Problem details:
Retype all of the data word for word, without pictures.

Recorded information:
◆ ◆ ◆ ◆ ◆
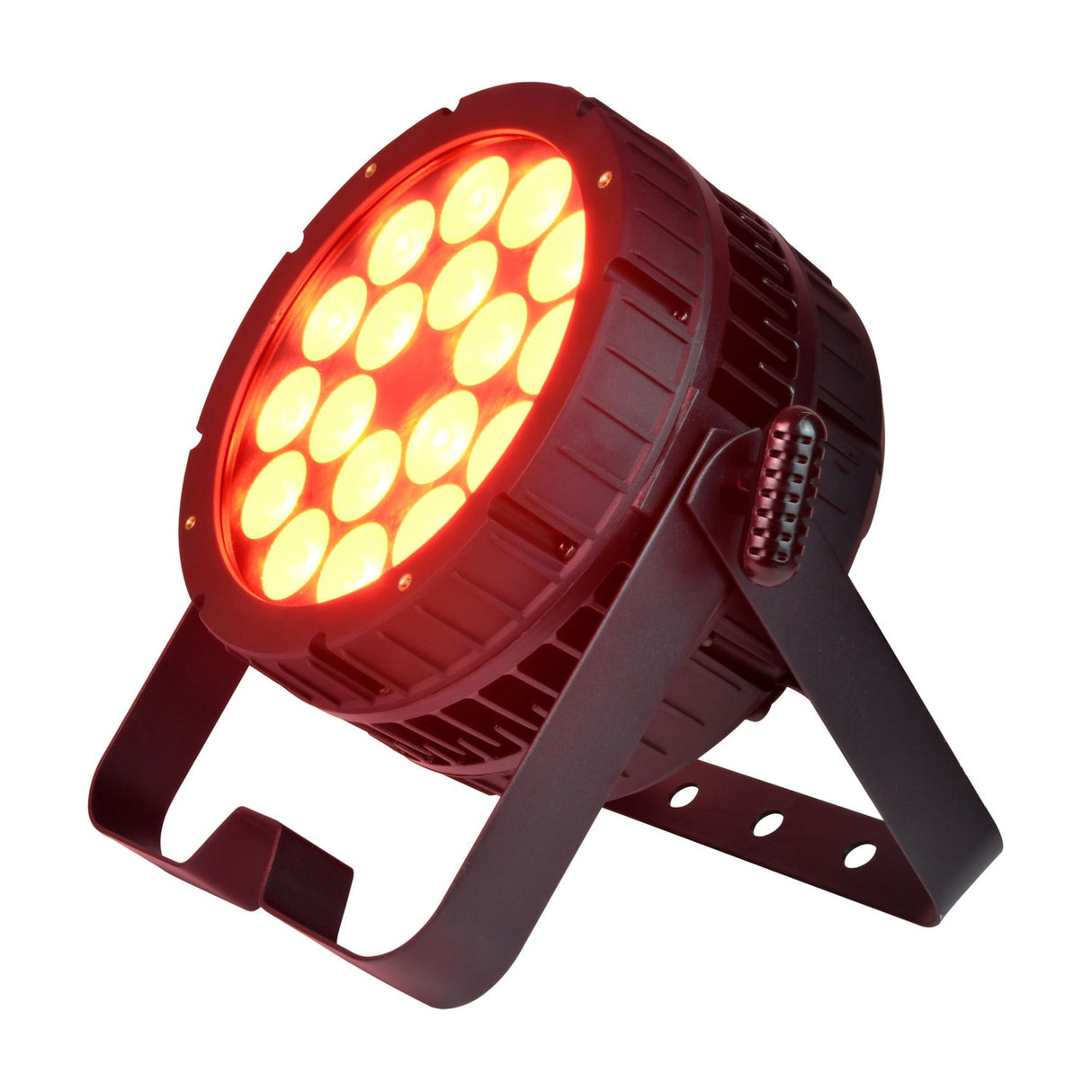 Citronic HIPAR-200 weatherproof LED PAR can with 18 RGBLA-UV LEDs lit amber, dual mounting bracket and black housing on a white background.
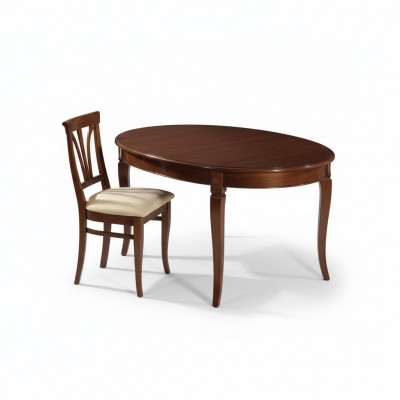 Eettafel 4x stoelen Klassieke eetkamerset 5-delig set Ovale tafel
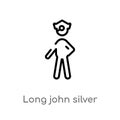 outline long john silver vector icon. isolated black simple line element illustration from literature concept. editable vector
◆ ◆ ◆ ◆ ◆
Answer box:
 Citronic HIPAR-200 weatherproof LED PAR can with 18 RGBLA-UV LEDs lit amber, dual mounting bracket and black housing on a white background.
 Eettafel 4x stoelen Klassieke eetkamerset 5-delig set Ovale tafel
 outline long john silver vector icon. isolated black simple line element illustration from literature concept. editable vector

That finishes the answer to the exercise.